Pamela Aranz of Antioch, representing the group Global Community Monitor, was one of several speakers who criticized the WesPac proposal as a dinosaur — old-fashioned, with increasingly outmoded technology. Others said the oil terminal would be at cross purposes with a nicely developing downtown area. Developing wind and/or solar power on that land, Aranz and others said, would make better sense.
Plans for the Pittsburg Terminal Project, first proposed in 2011, had been dormant for the past year, after local groups like Pittsburg Defense Council had protested the prospect of trains carrying volatile Bakken crude oil rolling in to the city. Communities across the United States — including Pittsburg, Richmond and Berkeley — have come out in opposed to crude by rail shipments through their cities after several high-profile derailments, including one in Lac Mégantic, Quebec, in 2013 killed 47 people and destroyed part of that city.
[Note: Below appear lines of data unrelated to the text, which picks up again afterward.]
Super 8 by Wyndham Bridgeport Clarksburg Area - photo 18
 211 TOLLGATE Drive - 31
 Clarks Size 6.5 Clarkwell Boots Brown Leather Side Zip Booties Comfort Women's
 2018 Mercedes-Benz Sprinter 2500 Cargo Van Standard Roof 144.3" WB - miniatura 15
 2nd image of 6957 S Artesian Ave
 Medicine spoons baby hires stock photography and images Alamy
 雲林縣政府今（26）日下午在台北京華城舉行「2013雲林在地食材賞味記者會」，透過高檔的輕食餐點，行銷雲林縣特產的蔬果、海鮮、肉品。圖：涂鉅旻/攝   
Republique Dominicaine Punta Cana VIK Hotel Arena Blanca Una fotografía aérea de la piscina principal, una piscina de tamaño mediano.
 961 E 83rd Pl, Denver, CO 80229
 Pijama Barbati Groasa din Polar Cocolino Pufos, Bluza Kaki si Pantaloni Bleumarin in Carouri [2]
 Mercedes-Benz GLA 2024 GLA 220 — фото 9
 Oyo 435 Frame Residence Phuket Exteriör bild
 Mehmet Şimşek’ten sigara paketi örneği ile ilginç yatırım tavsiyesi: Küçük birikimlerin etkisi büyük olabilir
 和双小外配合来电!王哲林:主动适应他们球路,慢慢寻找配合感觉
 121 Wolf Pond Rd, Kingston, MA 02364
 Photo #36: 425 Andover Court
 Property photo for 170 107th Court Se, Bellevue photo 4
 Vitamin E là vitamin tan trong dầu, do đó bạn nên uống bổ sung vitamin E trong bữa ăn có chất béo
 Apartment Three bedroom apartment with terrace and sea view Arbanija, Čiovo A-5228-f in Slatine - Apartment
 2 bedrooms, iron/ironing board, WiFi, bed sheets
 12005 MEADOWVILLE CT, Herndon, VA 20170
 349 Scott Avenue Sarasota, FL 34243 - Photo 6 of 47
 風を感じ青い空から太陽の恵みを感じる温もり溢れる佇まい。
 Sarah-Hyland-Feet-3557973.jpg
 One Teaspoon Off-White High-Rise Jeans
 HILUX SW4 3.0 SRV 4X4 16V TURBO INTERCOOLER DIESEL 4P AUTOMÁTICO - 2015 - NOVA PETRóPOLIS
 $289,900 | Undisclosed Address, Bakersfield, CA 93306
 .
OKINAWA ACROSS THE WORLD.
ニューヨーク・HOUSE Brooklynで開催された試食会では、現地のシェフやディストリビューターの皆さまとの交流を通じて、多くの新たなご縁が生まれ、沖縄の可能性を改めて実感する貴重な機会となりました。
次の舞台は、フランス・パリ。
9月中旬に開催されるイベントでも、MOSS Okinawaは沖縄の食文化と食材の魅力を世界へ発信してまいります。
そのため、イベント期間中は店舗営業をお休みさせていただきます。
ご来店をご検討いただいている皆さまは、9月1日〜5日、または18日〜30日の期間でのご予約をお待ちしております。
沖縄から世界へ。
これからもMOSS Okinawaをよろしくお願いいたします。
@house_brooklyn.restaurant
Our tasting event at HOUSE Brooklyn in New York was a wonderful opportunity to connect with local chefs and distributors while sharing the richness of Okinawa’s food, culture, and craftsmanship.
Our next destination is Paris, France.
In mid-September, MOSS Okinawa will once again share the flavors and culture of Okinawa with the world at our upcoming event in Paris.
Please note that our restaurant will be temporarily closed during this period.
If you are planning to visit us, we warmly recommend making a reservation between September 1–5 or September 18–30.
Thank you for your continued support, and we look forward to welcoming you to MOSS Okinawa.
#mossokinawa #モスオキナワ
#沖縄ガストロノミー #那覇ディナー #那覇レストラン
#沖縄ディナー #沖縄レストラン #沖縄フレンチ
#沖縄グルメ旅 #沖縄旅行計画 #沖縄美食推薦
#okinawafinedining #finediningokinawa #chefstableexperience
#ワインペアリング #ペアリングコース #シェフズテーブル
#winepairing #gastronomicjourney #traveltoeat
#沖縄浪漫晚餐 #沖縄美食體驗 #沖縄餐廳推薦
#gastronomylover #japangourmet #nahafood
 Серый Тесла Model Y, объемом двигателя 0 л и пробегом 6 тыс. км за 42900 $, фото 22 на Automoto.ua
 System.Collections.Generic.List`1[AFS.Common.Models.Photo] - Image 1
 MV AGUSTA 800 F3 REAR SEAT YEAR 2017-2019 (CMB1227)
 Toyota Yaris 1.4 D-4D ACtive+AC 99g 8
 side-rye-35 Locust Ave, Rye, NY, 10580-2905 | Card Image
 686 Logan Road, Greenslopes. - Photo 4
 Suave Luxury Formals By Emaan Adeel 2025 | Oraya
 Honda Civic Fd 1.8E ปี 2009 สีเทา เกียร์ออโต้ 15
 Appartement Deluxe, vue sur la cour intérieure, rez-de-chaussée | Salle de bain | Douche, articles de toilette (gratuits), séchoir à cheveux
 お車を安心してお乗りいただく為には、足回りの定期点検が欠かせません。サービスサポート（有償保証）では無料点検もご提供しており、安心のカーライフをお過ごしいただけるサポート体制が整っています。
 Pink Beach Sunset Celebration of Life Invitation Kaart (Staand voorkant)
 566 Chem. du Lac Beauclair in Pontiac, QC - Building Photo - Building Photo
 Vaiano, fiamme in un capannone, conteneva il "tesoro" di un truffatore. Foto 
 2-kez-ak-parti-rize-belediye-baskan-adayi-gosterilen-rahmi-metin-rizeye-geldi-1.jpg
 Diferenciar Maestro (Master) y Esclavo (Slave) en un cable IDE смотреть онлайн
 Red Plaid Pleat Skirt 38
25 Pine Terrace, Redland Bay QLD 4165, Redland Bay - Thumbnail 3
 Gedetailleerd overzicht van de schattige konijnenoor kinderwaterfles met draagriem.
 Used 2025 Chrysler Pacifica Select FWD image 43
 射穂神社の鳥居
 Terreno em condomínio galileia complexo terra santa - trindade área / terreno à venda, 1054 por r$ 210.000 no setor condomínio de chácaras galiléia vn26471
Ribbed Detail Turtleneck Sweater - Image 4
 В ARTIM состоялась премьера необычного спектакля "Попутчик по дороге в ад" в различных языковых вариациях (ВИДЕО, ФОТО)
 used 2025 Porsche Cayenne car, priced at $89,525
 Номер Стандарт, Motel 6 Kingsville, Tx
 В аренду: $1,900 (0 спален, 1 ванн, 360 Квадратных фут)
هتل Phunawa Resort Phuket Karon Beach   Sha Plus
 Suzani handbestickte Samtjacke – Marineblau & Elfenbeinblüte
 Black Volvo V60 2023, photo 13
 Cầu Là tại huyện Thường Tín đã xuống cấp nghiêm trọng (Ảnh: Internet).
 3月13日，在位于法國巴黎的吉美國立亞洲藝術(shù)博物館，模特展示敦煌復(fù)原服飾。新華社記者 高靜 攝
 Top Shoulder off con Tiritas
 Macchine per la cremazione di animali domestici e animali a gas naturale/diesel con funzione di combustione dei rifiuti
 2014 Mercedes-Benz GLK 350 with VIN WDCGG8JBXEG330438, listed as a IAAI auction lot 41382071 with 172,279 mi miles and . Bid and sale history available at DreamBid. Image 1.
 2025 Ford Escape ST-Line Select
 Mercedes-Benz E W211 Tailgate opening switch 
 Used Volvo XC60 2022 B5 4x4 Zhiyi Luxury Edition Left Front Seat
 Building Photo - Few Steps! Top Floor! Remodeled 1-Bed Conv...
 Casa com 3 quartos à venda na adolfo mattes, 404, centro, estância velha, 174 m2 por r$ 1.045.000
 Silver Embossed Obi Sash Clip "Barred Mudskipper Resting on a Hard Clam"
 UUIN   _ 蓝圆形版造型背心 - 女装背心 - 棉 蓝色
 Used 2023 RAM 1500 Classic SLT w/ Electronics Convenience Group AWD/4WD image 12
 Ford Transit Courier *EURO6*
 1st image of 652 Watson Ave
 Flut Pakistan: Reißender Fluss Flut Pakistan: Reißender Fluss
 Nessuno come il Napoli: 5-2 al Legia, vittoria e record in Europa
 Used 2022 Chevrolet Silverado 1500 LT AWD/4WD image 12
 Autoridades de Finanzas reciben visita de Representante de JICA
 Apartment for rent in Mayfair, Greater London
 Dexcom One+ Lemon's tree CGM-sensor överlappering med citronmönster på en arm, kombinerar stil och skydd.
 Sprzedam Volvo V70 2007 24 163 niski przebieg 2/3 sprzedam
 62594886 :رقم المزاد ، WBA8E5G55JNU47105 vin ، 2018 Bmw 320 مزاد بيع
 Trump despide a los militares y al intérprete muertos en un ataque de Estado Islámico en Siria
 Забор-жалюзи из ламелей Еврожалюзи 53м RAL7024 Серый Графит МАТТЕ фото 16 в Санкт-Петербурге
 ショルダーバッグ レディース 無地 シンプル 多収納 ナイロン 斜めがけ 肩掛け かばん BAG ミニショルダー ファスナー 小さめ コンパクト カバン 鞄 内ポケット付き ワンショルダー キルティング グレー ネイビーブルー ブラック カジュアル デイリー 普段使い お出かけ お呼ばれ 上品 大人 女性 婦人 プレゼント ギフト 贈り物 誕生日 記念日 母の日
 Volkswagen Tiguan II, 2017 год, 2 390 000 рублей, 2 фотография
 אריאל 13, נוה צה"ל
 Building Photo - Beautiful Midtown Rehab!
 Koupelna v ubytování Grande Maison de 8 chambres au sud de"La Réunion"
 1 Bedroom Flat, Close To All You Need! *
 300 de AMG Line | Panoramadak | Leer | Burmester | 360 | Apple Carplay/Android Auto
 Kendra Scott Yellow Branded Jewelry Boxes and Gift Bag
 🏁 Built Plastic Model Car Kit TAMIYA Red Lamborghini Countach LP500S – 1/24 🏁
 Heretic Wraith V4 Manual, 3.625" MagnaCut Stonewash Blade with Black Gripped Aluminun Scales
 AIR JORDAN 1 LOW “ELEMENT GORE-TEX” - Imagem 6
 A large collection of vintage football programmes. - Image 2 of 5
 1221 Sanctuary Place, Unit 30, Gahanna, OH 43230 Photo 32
The new environmental report, to be paid for by WesPac, will replace an earlier one that was criticized in 2014 by the state Attorney General’s office because it did not suitably analyze air pollution impacts, address the risks of accidents involving storing and moving oil, consider the project’s climate change impacts, and consider a “reasonable range of alternatives” that could reduce impacts. WesPac officials said they dropped inbound crude oil shipments by rail from their plans for several reasons, including public sentiment against it, an unstable regulatory environment surrounding those shipments, and drops in crude oil prices that have made such shipments less economically viable.
If the needed approvals come at a typical pace, renovation work at the old PG&E tanks could begin in early 2016, and likely would take between 18 and 24 months.
Representatives from several area labor union locals supported moving ahead with the environmental study. Some said Monday night they wanted the jobs, both to rebuild the terminal and to operate it. Others said they favored the environmental process determining whether the terminal would be a safe place for union workers to be.
That, Evola said, is one benefit of continuing the process. “We want to be overly transparent,” he said.
That is fine with Lisa Graham and other members of Pittsburg Defense Council.
“We’ll be shining a bright spotlight on the project in the coming months,” she said.